At block 540, the system can analyze the image data and the shadows to understand the movement of a movable object. For example, the system may analyze the variations in light by these objects' ability to change or move which may cause variations in light.
At block 550, the system can optionally predict an object's motion. can predict the trajectory of moving shadows (whether they are cast shadows or form shadows). For example, it can update or apply the machine learning models processed by the AI system to understand the direction of light variations in the objects that are mobile. It can also predict the direction of shadows for immobile or stationary objects based on the direction of light variations.
FIG. 6 illustrates an example of a computing device 10 according to the present disclosure, which can be used to implement any of the systems and/or run the processes disclosed herein.
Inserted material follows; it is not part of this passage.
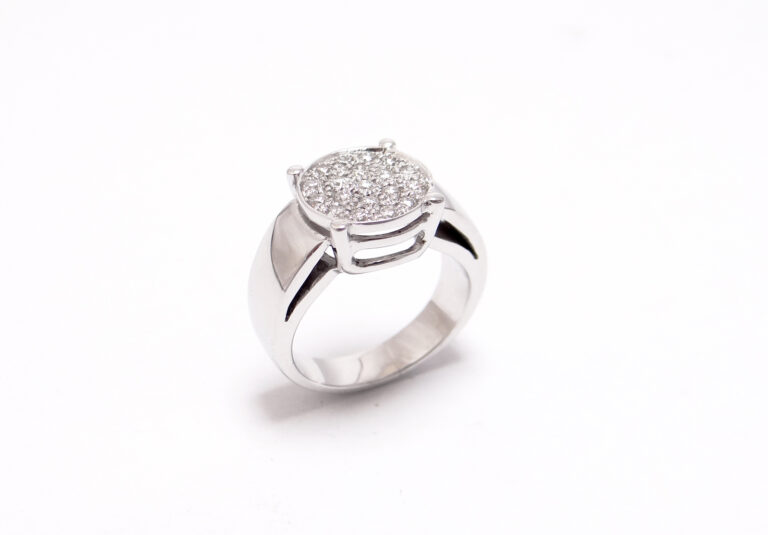 bague pavage diamant en or blanc 18 carats rhodié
Other variations of the computing device 10 may be substituted for the examples presented herein, such as removing or adding components to the computing device 10. The computing device 10 may include a portable or wearable device, a smart phone, a tablet, a personal computer, a laptop, a smart television, a car console display, a computing unit in a vehicle, a server, and the like.
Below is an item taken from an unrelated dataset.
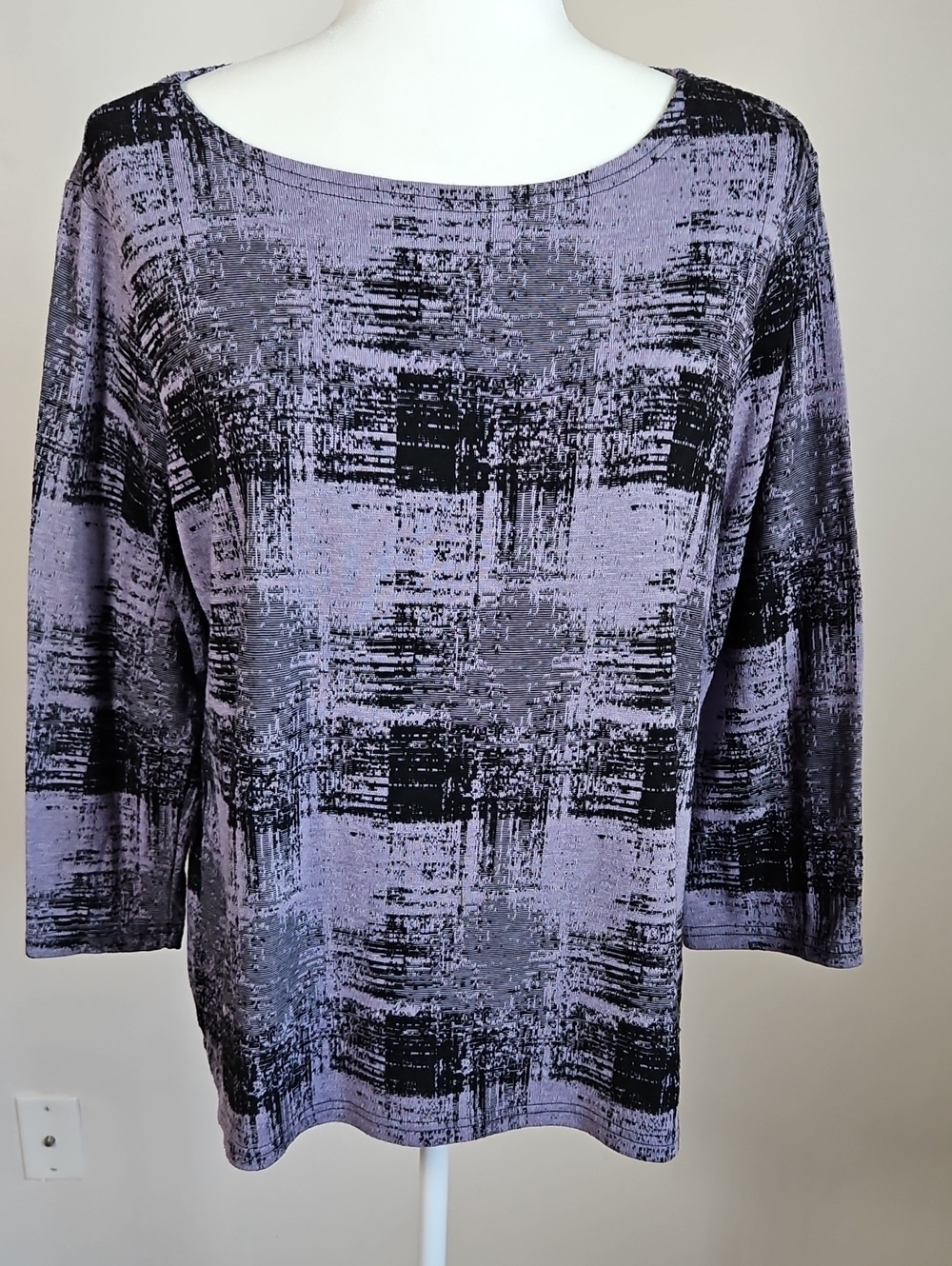 Cut Loose 3/4 Sleeve Top Abstract Print Purple Black LG Made USA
As shown, the computing device 10 includes a processing unit 20 that interacts with other components of the computing device 10 and also external components to computing device 10. A media reader 22 is included that communicates with media 12. The media reader 22 may be an optical disc reader capable of reading optical discs, such as CD-ROM or DVDs, or any other type of reader that can receive and read data from content media 12. One or more of the computing devices may be used to implement one or more of the systems disclosed herein.
Computing device 10 may include a separate graphics processor 24. In some cases, the graphics processor 24 may be built into the processing unit 20. In such cases, the graphics processor 24 may share Random Access Memory (RAM) with the processing unit 20. Alternatively, or in addition, the computing device 10 may include a discrete graphics processor 24 that is separate from the processing unit 20. In some such cases, the graphics processor 24 may have separate RAM from the processing unit 20. Computing device 10 might be a handheld device, a dedicated computing system, a general-purpose laptop or desktop computer, a smart phone, a tablet, a car console, or other suitable system.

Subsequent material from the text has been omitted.